Copy exactly the stretch of data below from the line with "Pokémon card: Fomantis" through the line with "Manga Complete Set", including both of those lines.

▶ [Given records]:
○ ○ ○
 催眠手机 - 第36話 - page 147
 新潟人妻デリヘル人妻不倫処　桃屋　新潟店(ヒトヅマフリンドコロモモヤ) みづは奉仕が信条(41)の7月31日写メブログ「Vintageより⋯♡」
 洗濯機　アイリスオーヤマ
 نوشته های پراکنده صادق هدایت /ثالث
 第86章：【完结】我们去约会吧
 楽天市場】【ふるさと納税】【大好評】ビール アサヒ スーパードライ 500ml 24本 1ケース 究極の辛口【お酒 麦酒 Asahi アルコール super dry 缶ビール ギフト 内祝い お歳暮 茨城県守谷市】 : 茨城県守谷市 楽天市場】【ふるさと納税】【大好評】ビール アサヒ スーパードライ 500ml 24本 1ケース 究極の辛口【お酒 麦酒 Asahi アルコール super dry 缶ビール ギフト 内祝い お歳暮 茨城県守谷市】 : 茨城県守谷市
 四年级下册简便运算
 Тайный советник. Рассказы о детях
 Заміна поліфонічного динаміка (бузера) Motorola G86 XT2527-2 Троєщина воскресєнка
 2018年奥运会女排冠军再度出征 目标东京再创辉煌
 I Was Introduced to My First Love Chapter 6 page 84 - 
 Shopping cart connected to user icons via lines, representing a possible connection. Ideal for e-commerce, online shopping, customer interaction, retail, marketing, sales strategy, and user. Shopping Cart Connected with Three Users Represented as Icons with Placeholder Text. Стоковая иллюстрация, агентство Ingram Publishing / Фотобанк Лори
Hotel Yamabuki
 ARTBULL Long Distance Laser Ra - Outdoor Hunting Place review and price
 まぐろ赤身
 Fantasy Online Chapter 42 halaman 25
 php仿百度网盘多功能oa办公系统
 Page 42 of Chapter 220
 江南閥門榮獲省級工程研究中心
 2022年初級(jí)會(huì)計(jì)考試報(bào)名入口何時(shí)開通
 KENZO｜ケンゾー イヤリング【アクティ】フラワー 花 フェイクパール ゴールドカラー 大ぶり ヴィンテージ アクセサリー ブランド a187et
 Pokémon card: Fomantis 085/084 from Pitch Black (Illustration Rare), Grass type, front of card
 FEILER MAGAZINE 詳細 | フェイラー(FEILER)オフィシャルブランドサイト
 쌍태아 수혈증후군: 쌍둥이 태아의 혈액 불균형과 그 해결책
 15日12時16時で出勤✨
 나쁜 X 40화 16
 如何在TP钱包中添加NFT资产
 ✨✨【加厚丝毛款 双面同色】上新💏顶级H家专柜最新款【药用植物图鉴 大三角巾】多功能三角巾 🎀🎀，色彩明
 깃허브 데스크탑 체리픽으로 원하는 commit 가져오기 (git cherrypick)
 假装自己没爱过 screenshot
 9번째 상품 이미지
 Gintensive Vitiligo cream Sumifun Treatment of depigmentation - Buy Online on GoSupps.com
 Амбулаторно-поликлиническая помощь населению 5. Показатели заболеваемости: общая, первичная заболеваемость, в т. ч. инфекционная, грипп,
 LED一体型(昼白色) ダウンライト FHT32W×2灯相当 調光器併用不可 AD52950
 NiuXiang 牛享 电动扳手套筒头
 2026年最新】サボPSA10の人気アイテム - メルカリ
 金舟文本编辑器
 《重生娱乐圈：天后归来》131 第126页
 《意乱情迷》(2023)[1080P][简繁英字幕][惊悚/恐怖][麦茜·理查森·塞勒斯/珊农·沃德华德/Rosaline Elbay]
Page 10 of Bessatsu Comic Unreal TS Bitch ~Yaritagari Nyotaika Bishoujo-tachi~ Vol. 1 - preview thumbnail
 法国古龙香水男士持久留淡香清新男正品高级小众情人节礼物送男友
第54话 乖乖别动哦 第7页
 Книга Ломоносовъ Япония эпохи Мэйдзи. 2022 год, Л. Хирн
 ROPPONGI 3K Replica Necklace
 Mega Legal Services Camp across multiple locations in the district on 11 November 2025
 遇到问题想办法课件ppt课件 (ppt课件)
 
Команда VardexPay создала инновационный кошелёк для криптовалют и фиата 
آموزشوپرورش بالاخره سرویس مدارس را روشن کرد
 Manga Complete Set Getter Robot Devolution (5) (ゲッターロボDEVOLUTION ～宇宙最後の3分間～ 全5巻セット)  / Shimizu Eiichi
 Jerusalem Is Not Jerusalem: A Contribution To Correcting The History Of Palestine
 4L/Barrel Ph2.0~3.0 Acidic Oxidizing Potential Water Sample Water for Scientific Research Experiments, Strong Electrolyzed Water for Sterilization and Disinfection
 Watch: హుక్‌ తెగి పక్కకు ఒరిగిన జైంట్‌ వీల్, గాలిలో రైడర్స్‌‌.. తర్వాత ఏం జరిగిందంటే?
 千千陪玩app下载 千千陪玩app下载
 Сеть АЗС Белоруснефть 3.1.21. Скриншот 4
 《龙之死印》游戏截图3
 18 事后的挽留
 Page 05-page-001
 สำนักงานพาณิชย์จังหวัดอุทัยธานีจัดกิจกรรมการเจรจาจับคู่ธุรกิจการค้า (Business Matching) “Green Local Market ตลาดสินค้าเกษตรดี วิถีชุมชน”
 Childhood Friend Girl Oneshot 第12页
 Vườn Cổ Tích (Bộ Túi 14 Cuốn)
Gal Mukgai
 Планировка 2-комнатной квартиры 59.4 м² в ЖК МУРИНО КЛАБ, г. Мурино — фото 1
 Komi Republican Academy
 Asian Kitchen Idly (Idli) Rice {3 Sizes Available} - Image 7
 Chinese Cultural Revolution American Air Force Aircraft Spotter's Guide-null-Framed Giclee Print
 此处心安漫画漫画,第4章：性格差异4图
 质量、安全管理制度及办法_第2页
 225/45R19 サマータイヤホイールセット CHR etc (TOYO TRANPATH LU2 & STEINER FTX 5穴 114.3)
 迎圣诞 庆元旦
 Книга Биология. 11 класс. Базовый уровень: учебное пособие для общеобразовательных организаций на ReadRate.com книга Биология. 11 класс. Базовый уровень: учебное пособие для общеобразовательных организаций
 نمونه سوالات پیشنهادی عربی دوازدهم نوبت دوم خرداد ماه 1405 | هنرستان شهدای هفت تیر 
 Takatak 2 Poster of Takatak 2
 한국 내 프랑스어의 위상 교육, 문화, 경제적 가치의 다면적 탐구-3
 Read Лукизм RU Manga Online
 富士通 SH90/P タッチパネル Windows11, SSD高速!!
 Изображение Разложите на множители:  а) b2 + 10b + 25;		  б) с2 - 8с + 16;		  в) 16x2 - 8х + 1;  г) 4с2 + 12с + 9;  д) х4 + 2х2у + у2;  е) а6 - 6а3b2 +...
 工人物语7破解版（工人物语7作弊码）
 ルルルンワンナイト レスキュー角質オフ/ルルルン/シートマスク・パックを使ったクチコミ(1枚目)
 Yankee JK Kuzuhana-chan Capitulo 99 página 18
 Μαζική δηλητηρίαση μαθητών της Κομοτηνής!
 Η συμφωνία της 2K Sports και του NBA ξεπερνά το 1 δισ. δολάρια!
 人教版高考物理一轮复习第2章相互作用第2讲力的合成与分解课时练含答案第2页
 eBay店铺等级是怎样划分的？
○ ○ ○
▶ [Response]:
 Pokémon card: Fomantis 085/084 from Pitch Black (Illustration Rare), Grass type, front of card
 FEILER MAGAZINE 詳細 | フェイラー(FEILER)オフィシャルブランドサイト
 쌍태아 수혈증후군: 쌍둥이 태아의 혈액 불균형과 그 해결책
 15日12時16時で出勤✨
 나쁜 X 40화 16
 如何在TP钱包中添加NFT资产
 ✨✨【加厚丝毛款 双面同色】上新💏顶级H家专柜最新款【药用植物图鉴 大三角巾】多功能三角巾 🎀🎀，色彩明
 깃허브 데스크탑 체리픽으로 원하는 commit 가져오기 (git cherrypick)
 假装自己没爱过 screenshot
 9번째 상품 이미지
 Gintensive Vitiligo cream Sumifun Treatment of depigmentation - Buy Online on GoSupps.com
 Амбулаторно-поликлиническая помощь населению 5. Показатели заболеваемости: общая, первичная заболеваемость, в т. ч. инфекционная, грипп,
 LED一体型(昼白色) ダウンライト FHT32W×2灯相当 調光器併用不可 AD52950
 NiuXiang 牛享 电动扳手套筒头
 2026年最新】サボPSA10の人気アイテム - メルカリ
 金舟文本编辑器
 《重生娱乐圈：天后归来》131 第126页
 《意乱情迷》(2023)[1080P][简繁英字幕][惊悚/恐怖][麦茜·理查森·塞勒斯/珊农·沃德华德/Rosaline Elbay]
Page 10 of Bessatsu Comic Unreal TS Bitch ~Yaritagari Nyotaika Bishoujo-tachi~ Vol. 1 - preview thumbnail
 法国古龙香水男士持久留淡香清新男正品高级小众情人节礼物送男友
第54话 乖乖别动哦 第7页
 Книга Ломоносовъ Япония эпохи Мэйдзи. 2022 год, Л. Хирн
 ROPPONGI 3K Replica Necklace
 Mega Legal Services Camp across multiple locations in the district on 11 November 2025
 遇到问题想办法课件ppt课件 (ppt课件)
 
Команда VardexPay создала инновационный кошелёк для криптовалют и фиата 
آموزشوپرورش بالاخره سرویس مدارس را روشن کرد
 Manga Complete Set Getter Robot Devolution (5) (ゲッターロボDEVOLUTION ～宇宙最後の3分間～ 全5巻セット)  / Shimizu Eiichi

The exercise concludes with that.